*** Opening of Exercise data ***
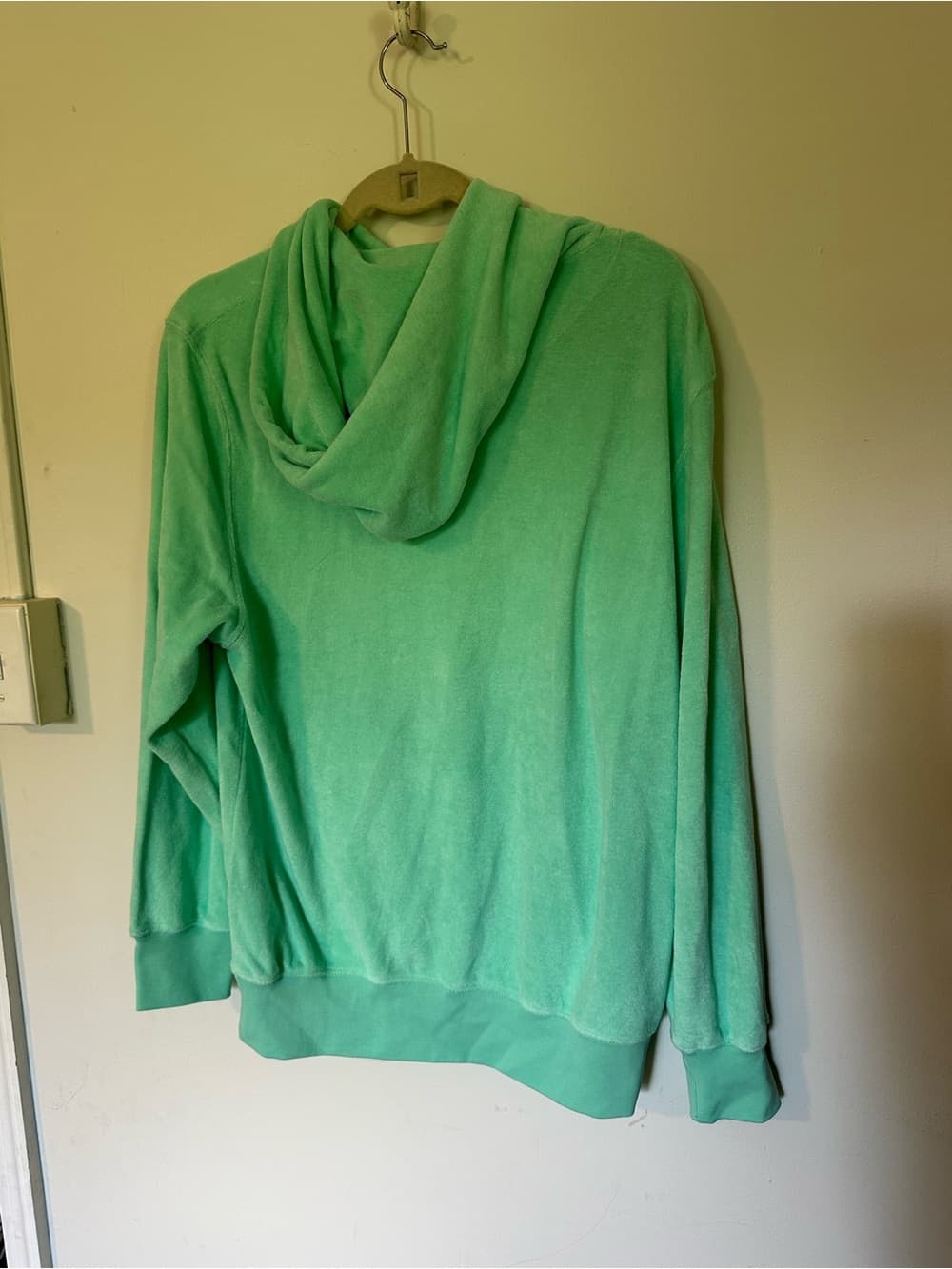 Hunza G Terry Towelling hoodie green - Thumbnail 4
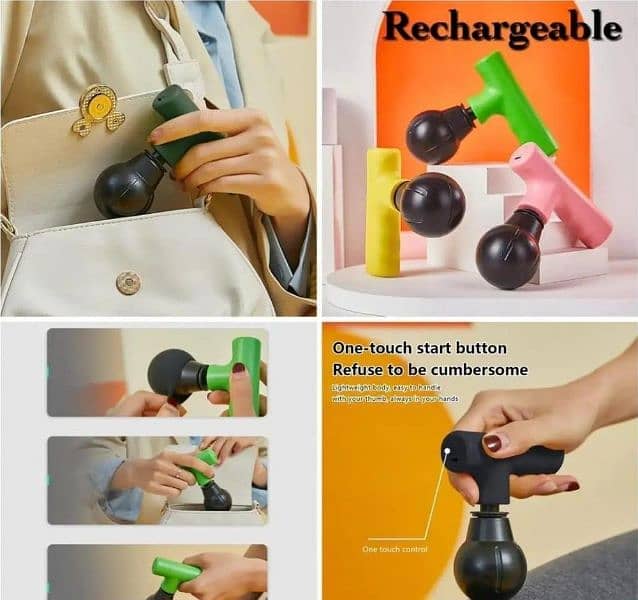 Mini Massage Gun with Smart Chip & 8 Massage Modes 3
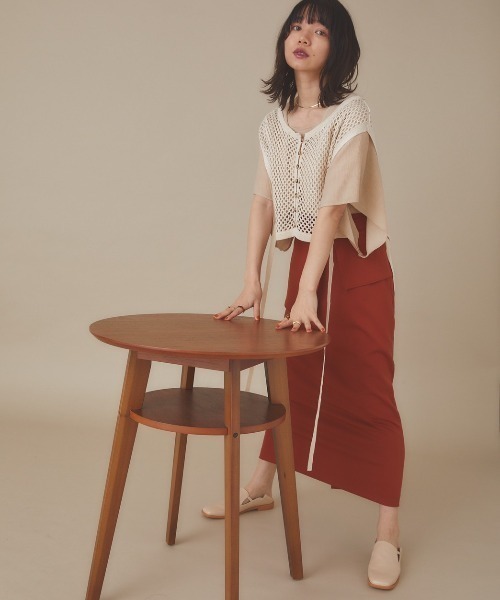 moi tytto（モイテュット）の「アソートベスト（ベスト・レディース・ベージュ/モカ/ナチュラル/ベージュ系その他・FREE）」の17枚目の写真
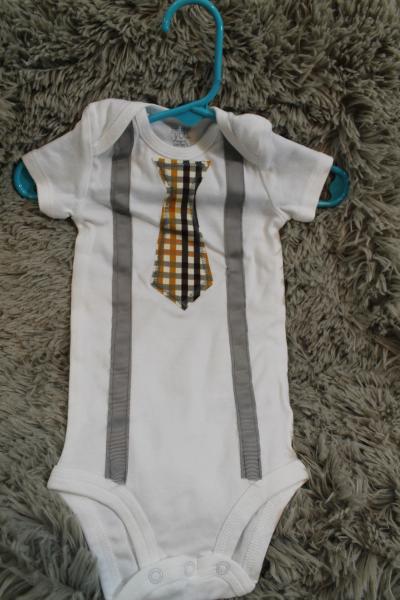 Onesies - Ties & Suspenders - Short Sleeve picture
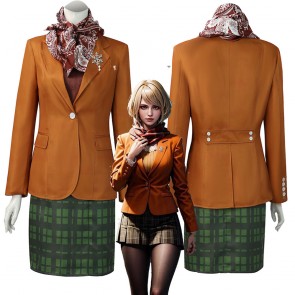 Resident Evil 4 Remake Ashley Graham Halloween Cosplay Costume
*** Close of Exercise data ***
Required action => Starting with the line that contains "moi tytto（モイテュ", print every line through the end of the data exactly as written; omit all pictures and add nothing else.

Result for this task =>
 moi tytto（モイテュット）の「アソートベスト（ベスト・レディース・ベージュ/モカ/ナチュラル/ベージュ系その他・FREE）」の17枚目の写真
 Onesies - Ties & Suspenders - Short Sleeve picture
 Resident Evil 4 Remake Ashley Graham Halloween Cosplay Costume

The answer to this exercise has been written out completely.